January 25th, 2024

How can I give away a COM reference just before my object destructs?

Last time, we noted that most implementations of the IMemory­Buffer­Reference.Closed event are broken because they hand out COM references to themselves after C++ has already committed to destructing the object, so calling Add­Ref() on the COM reference doesn’t actually extend the object’s lifetime.

So how do you raise this Closed event when the last reference is released, if releasing the last reference also commits you to destruction?

More generally, how can I execute some code when the last reference is released, if that code might try to extend the object’s lifetime?

One solution is to keep track of two different reference counts, one for “client-visible reference counts” and one for “internal reference counts”, and then raise the Closed event when the client-visible reference count goes to zero but before the internal reference count also goes to zero. (You would destruct the object when both reference counts go to zero.)

But I’m going to do things a little differently.

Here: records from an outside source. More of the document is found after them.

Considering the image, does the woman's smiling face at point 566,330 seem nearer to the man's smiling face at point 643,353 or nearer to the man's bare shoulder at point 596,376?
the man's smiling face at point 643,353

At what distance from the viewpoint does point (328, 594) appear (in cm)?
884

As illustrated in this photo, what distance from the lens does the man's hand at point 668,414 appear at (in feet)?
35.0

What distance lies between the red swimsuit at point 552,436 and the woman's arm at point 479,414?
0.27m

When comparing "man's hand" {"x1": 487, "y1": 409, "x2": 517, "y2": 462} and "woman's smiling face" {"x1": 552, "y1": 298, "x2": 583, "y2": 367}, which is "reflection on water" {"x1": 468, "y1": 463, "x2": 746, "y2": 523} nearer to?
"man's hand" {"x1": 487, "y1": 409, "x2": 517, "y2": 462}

My trick is to have the object call AddRef() on itself at construction, so that the object reference count is 2 when it is given to the caller. Since one of those reference counts is artificial, we relize that when the reference count drops to 1, that means that all “client-visible” references have been released. The only thing keeping the object alive is the artificial reference.

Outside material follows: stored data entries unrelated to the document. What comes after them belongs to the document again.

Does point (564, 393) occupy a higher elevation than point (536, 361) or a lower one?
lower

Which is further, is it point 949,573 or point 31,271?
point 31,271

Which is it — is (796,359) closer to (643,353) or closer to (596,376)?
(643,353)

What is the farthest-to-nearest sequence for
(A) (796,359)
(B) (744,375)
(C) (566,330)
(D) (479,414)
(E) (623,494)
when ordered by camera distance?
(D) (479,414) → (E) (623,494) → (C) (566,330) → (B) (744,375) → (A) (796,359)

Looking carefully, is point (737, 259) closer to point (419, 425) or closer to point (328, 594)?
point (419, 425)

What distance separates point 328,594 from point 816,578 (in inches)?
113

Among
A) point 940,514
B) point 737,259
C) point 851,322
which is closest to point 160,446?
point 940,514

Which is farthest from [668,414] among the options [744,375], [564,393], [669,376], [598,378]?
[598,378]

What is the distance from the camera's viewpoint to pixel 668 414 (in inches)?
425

We can now perform that cleanup operation, passing a COM reference to a proper object which is not yet committed to destruction. After the call returns, we release the artificial reference. If the cleanup operation did not attempt to extend the lifetime of the COM reference, then then our release of the artificial reference will drop the reference count to zero, and the object destructs immediately. But if it used AddRef() to extend the lifetime, then our release will not drop the reference count to zero, and the object will remain alive. It’s being cleaned up, but still alive.

Of course, we have to be careful that when the reference count drops to 1 a second time, we don’t get confused and try to clean up a second time and (worse) release the nonexistent artifical reference.

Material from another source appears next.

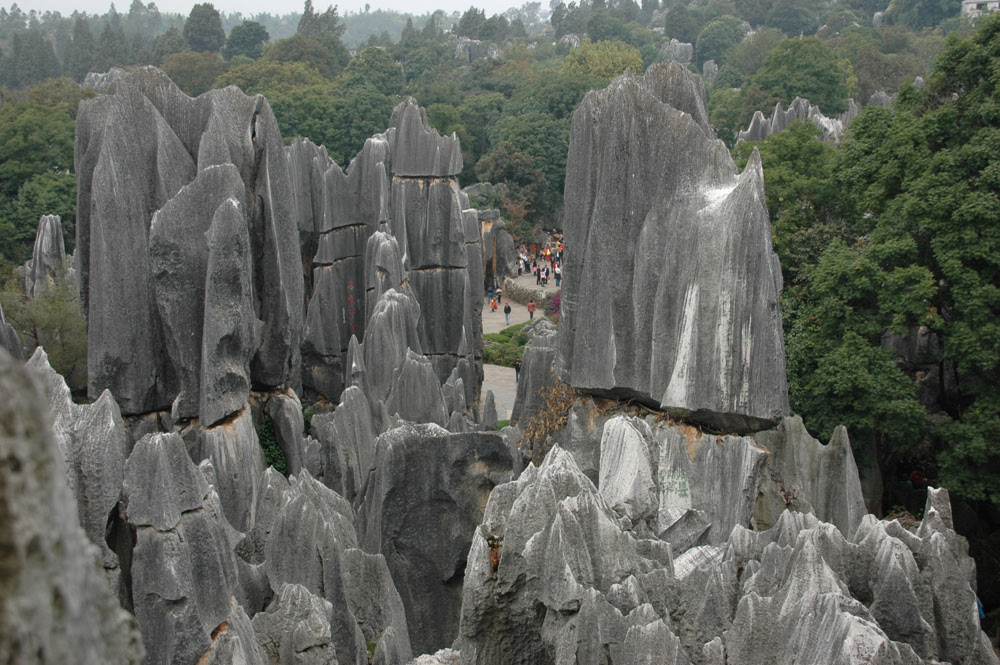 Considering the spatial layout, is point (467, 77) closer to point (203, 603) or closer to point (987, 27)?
point (987, 27)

Here’s how you could implement this pattern in various COM frameworks.

We start with WRL, which has no real surprises.

// C++/WRL

struct ObjectWithSpecialCleanup :
    RuntimeClass<IWhatever>
{
    ObjectWithSpecialCleanup()
    {
        // WRL does not support aggregation,
        // so don't need to assert "not aggregating"
        InternalAddRef();
    }

    STDMETHOD_(ULONG, Release)() override
    {
        auto count = RuntimeClass::Release();

        if (count == 1) {
            if (!m_cleanupStarted.exchange(true, std::memory_order_relaxed)) {
                DoCleanup(this); /* Might AddRef this object */
                count = RuntimeClass::Release();
            }
        }

        return count;
    }

    ⟦ ... ⟧

    std::atomic<bool> m_cleanupStarted;
};

Next comes C++/WinRT:

// C++/WinRT

struct ObjectWithSpecialCleanup :
    implements<ObjectWithSpecialCleanup,
               IWhatever>
{
    static_assert(!outer(), "Must not be composable");

    ObjectWithSpecialCleanup()
    {
        NonDelegatingAddRef();
    }

    decltype(std::declval<implements>().Release())
    __stdcall Release() noexcept override
    {
        auto count = NonDelegatingRelease();

        if (count == 1) {
            if (!m_cleanupStarted.exchange(true, std::memory_order_relaxed)) {
                DoCleanup(this); /* Might AddRef this object */
                count = NonDelegatingRelease();
            }
        }

        return count;
    }

    ⟦ ... ⟧

    std::atomic<bool> m_cleanupStarted;
};

In C++/WinRT, we use the trick we learned a little while ago to ensure that the C++/WinRT implementation class is not aggregated.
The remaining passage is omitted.